PROBLEM TO SOLVE: Starting at the line where "古典舞蹈服女飘逸外套汉服身韵服上衣中国舞仙气纱衣舞蹈服表演服" occurs, reproduce each line through the end of the entries below exactly. Omit every picture.

AVAILABLE DATA:
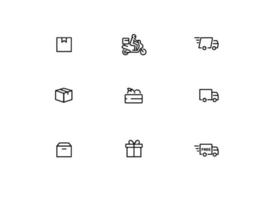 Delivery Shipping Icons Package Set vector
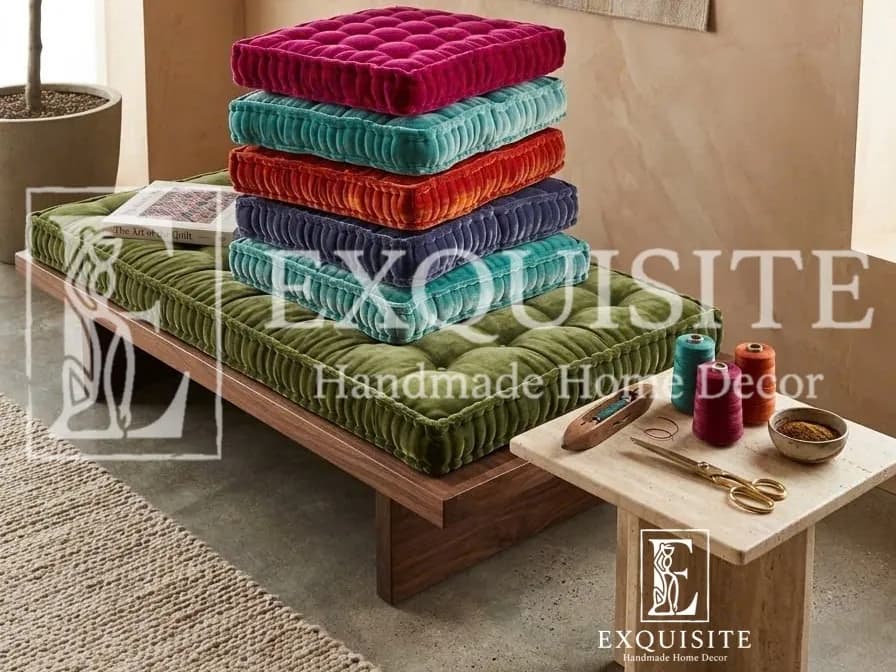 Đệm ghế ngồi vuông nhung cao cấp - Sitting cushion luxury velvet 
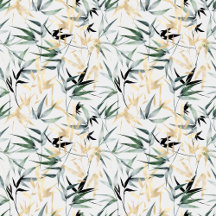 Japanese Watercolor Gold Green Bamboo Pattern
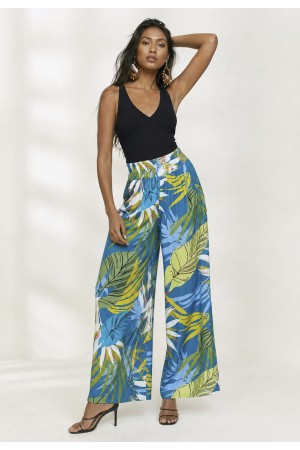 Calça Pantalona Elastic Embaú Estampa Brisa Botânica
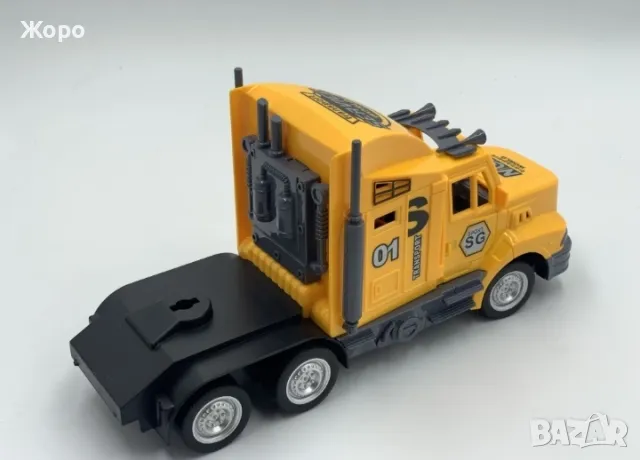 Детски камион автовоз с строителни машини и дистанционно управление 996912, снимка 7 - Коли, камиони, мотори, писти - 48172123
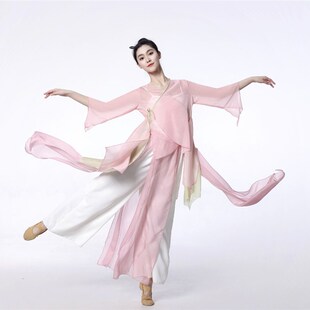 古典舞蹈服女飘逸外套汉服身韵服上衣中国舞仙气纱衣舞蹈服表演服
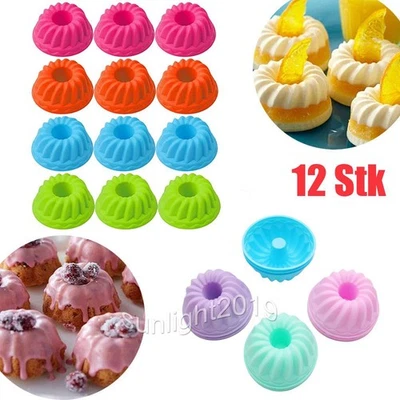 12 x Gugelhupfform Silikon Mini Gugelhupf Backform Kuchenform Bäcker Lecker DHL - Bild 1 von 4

EXERCISE OUTPUT:
 古典舞蹈服女飘逸外套汉服身韵服上衣中国舞仙气纱衣舞蹈服表演服
 12 x Gugelhupfform Silikon Mini Gugelhupf Backform Kuchenform Bäcker Lecker DHL - Bild 1 von 4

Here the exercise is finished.